Les relations internationales sont entrées dans une période de glaciation. Les crispations et les réflexes d’enfermement sont devenus la marque de fabrique des relations entre les États. La solidarité internationale et les politiques d’ouverture sur les questions de migration et de commerce ont cédé la place au délire sécuritaire, alimenté il est vrai par un terrorisme nihiliste qui fait de la mort un moyen et une fin. Au réflexe sécuritaire vient s’ajouter un besoin de se « protéger » de la misère du monde.

La récente décision de la Cour suprême des États-Unis d’entériner la politique de l’administration américaine vis-à-vis de certains pays dits musulmans suscite quelques inquiétudes au pays d’Abraham Lincoln. Le bannissement temporaire de populations entières hors du territoire américain au nom de la sécurité intérieure des États-Unis trouve un écho certain au sein d’une population de plus en plus méfiante et dont la peur, certes légitime, est manipulée par des secteurs ultraconservateurs. Cette décision de l’actuel gouvernement américain avait pourtant été combattue par certains états de l’Union et par certains tribunaux qui en contestaient le bon sens et la légalité.

La position de la Cour suprême vient mettre fin à une saga judiciaire et politique, mais surtout annonce le grand basculement des institutions américaines les plus prestigieuses vers un conservatisme pur et dur. Il faudra attendre les élections de mi-mandat pour voir si le vent va tourner en faveur du parti démocrate ou de quelques modérés du parti républicain.

Quoiqu’il en soit, ces mesures consacrent un nouveau chapitre dans la grammaire des relations internationales. Elles témoignent aussi de l’incompréhension et de la méfiance qui s’installent entre les nations. La peur du terrorisme est mauvaise conseillère et peut conduire aux pires excès. Or, hormis le terrible attentat du 11septembre 2001, et quelques incidents meurtriers liés à Daesh, la majorité des attentats commis sur le sol américain sont le fait d’esprits dérangés qui entretiennent le culte des armes à feu.

Ce qui est certain, c’est que la nébuleuse terroriste aura atteint un de ses objectifs : soufflé sur les braises de l’incompréhension et des différends entre les peuples pour attiser les conflits qui ont pour base unique la peur de l’autre.

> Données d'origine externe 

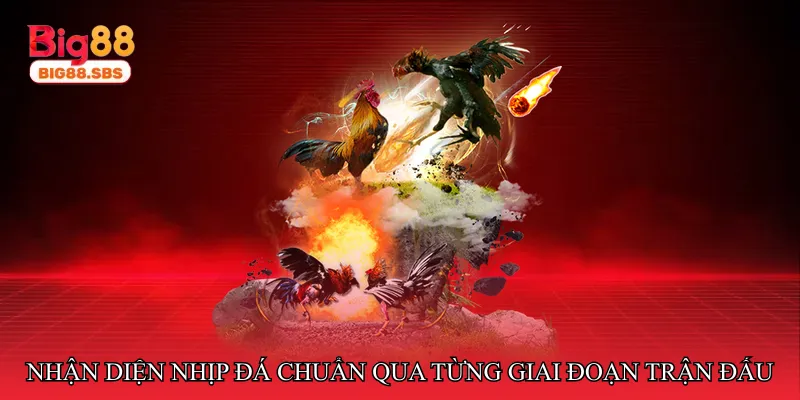 Nhận diện nhịp đá chuẩn qua từng giai đoạn trận đấu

Un autre exemple de ces tensions internationales se manifeste sur le front asiatique. Le président américain estime que son pays a été floué dans certaines négociations commerciales au profit d’une Chine qui profiterait sans aucune gêne d’avantages commerciaux indus. Le déficit commercial américain se serait creusé pour atteindre les 300 milliards de dollars avec ce géant de L’Asie. La bataille menée par Donald Trump au nom des intérêts américains ne fait pas de quartier. Les liens historiques avec l’Europe ne vont nullement contrarier sa croisade pour une Amérique plus forte. L’intérêt national américain commande un contrôle plus strict sur les investissements étrangers dans le secteur des hautes technologies.

Le discours des hommes d’État se durcit de plus en plus et l’absence de civilité semble être la chose du monde la mieux partagée entre les puissants de ce monde. Les exportateurs européens ressentent sur leur nuque la chaleur de ces nouvelles dispositions des douanes américaines. Les Européens affutent leurs armes économiques et se préparent à sanctionner lourdement des centaines de milliards de produits venus des États-Unis.

Un nouveau nationalisme est né, chevillé aux « intérêts américains ». Il se situe à mi-chemin du traditionnel isolationnisme des années 30 et d’un interventionnisme aujourd’hui décomplexé. Ce qui n’est pas pour déplaire à un certain électorat qui espère ainsi un retour de la grande prospérité des États-Unis d’Amérique, celle qui a consacré leur suprématie incontestée à travers le monde.

Toutefois, resurgissent aux yeux des témoins de ce nouveau siècle, une dureté et une brutalité dans les rapports entre les nations dont la tendance ultime est la banalisation et/ou l’indifférence face aux désastres qu’ils soient humanitaires ou économiques.